All Day (Friday)
Meditations for Lent By: Jacques-Bénigne Bossuet Courtesy of Sophia Institute Press Week 4: Friday Up to Jerusalem The hour of Jesus approaches. He goes willingly to Jerusalem, where he knows he must die, and he
Meditations for Lent
By: Jacques-Bénigne Bossuet
Courtesy of Sophia Institute Press
Week 4: Friday
Up to Jerusalem
The hour of Jesus approaches. He goes willingly to Jerusalem, where he knows he must die, and he declares it to his disciples.
St. Paul said to the elders of the church of Ephesus: “And now, bound in the Spirit,” that is, gently constrained and inwardly pressed, “I am going to Jerusalem . . . not knowing what shall befall me there” (Acts 20:22). But Jesus went to Jerusalem knowing full well what he had to suffer there and telling his Apostles: “Behold, we are going up to Jerusalem; and the Son of man will be delivered to the chief priests and scribes, and they will . . . deliver him to the Gentiles” (Matt. 20:18-19). St. Paul, however, confessed his ignorance; all he knew was “that the Holy Spirit testifies to me in every city that imprisonment and afflictions await me” (Acts 20:23). Instead of revealing things in part, as he did to St. Paul, Jesus explained everything in full to his Apostles, as the Gospel confirms.
Although Jesus spoke plainly, the disciples “understood none of these things,” for “this saying was hidden from them, and they did not grasp what was said” (Luke 18:34). By the care that he takes to show us the Apostles’ ignorance, St. Luke wishes us to appreciate how difficult it was for them to understand the mystery of the Cross.
St. Luke elsewhere notes the Apostles’ incomprehension: “They did not understand this saying, and it was concealed from them, that they should not perceive it; and they were afraid to ask him about this saying” (Luke 9:45). They did not understand because they did not want to understand. They saw clearly that they must follow their Master, and they did not want to know about the suffering that lay ahead for him, for fear of hav ing a similar fate. This is why Jesus said to them: “Let these words sink into your ears; for the Son of man is to be delivered into the hands of men” (Luke 9:44). He took care to inculcate this truth during the time when everyone was admiring the miracles he worked. Flattered by his glory, their hearts were closed to what he taught them about the opprobrium he would have to suffer; they did not want to hear about it. Yet it was precisely this message that Jesus wanted them to understand.
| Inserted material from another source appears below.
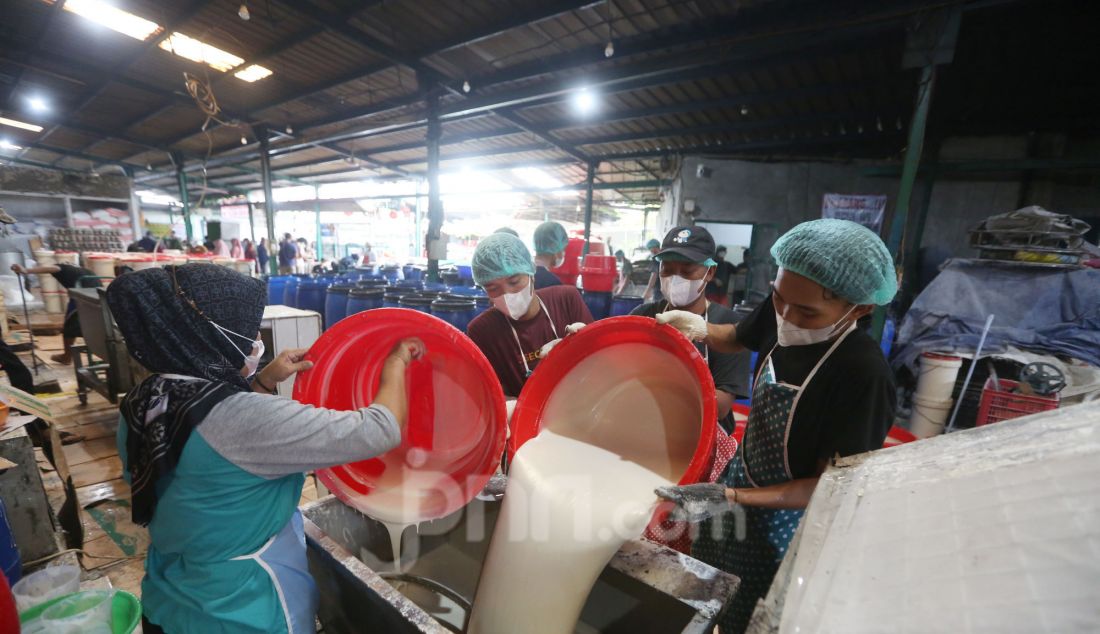 Warga menyelesaikan pembuatan kue keranjang di Rumah produksi Kue Keranjang Hoki di kawasan Sawangan, Depok, jawa Barat, Selasa (21/01). Jelang perayaan tahun baru Imlek, UMKM kue keranjang Hoki merekrut 70 warga sekitar untuk memenuhi permintaan kue keranjang sekitar 2000 kue keranjang/hari. Harga mulai dari Rp 15.000 - Rp. 110.000 sementara untuk kue keranjang susun Rp. 150.000 - Rp. 1.100.000. - JPNN.com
For in his suffering and in our obligation to follow him and to carry our cross after him is our salvation. “Let these words sink into your ears.”
Consider how prone we are to self-deception, how we play deaf when we are told something that would injure our passions or sensibilities, and how, no matter how plainly we are spoken to, we stop our ears, pretending not to hear and fearing to understand what is said. “Leave this thing behind,” “deny yourself this pleasure,” “renounce your will”: these things we do not hear. We do not want to hear them or know about them or ask for clarification about them. It is for this reason that St. Mark recounts the same episode in these terms: “They were on the road going up to Jerusalem, and Jesus was walking ahead of them; and they were amazed, and those who followed were afraid. And taking the Twelve again, he began to tell them what was to happen to him, saying, ‘Behold, we are going up to Jerusalem’ ” (Mark 10:32-33). And he told them about all that he would suffer there.
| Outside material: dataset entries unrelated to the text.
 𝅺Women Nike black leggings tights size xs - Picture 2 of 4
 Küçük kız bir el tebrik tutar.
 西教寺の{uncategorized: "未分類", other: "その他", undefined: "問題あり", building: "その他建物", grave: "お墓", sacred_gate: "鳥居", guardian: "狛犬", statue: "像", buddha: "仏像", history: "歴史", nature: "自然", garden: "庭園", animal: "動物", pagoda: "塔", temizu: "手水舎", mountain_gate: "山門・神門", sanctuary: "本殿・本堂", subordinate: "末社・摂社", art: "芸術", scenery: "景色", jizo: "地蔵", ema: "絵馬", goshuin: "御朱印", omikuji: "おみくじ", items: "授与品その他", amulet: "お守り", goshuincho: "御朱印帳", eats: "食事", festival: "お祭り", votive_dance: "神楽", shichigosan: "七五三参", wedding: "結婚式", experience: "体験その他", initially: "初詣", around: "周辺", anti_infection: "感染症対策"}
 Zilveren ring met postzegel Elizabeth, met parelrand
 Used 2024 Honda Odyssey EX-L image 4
The cause of their astonishment was that they knew that the scribes and Pharisees were seeking to put him to death, and that they could not comprehend his decision to place himself in their hands, and they followed him trembling. We fear to follow Jesus to the Cross.
But to encourage us, he walks ahead. St. Luke remarks that “he steadfastly set his face to go to Jerusalem” (Luke 9:51, Douay-Rheims). His human nature felt fear, as he showed us by his agony in the garden. For he willed to carry our weaknesses in order to teach us to overcome them. Let us follow him, and according to his example, let us steadfastly set our faces when we must go toward penance, mortification, and the Cross.
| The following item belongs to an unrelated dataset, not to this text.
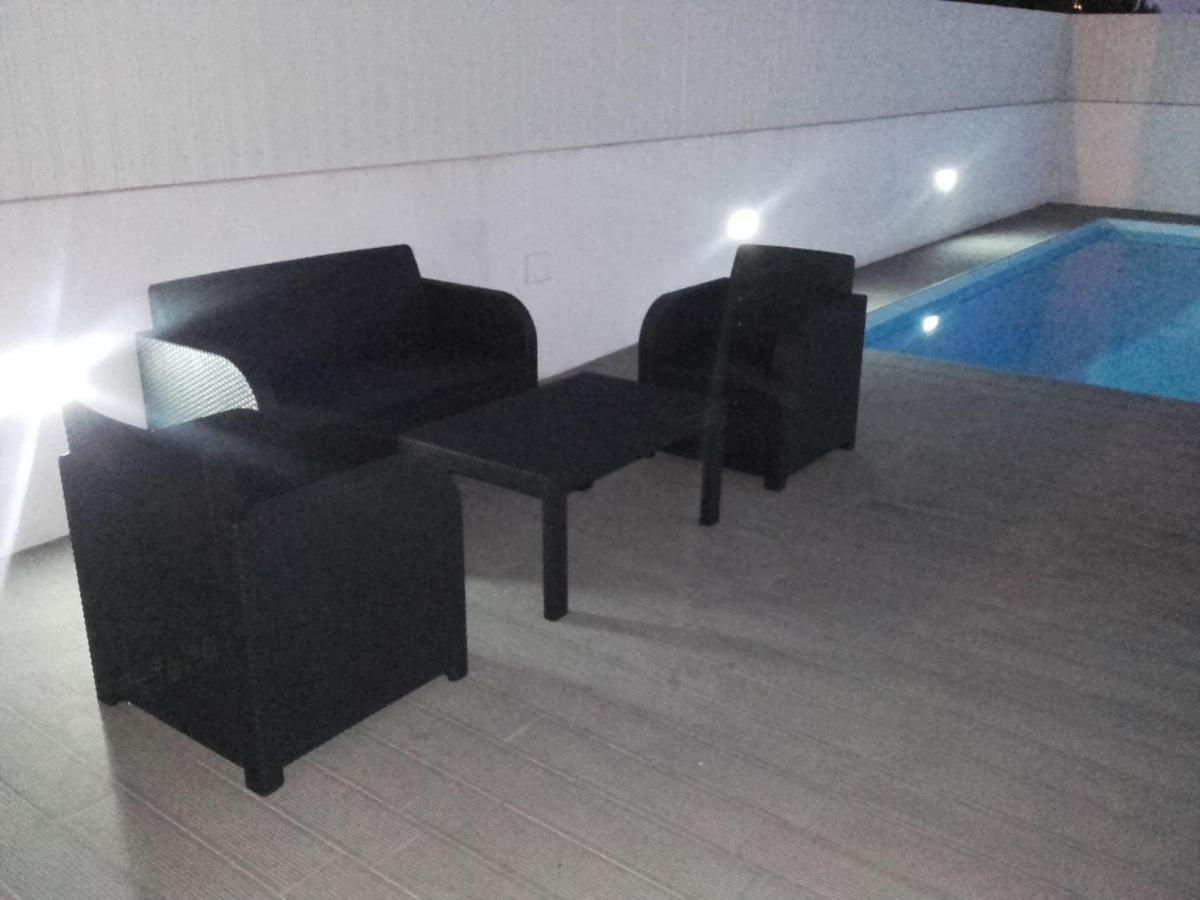 Lisbon Tagus River 2 Suites Private Pool D Almada Eksteriør bilde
It was on this occasion that his disciples said to him: “Rabbi, the Jews were but now seeking to stone you, and are you going there again?” (John 11:8). They wanted to persuade him against the journey. Thomas alone understood the mystery, saying generously: “Let us also go, that we may die with him” (John 11:16). Noble words, had they been followed by the deed! Yet Thomas fled like the others, and he was the last to believe in the Resurrection. Such is man: the one who speaks the boldest is, often as not, shown to be the weakest when God abandons him to his own powers. Understand, Christian, how hard it is to go up to the Cross with Jesus and how great is our need for his grace.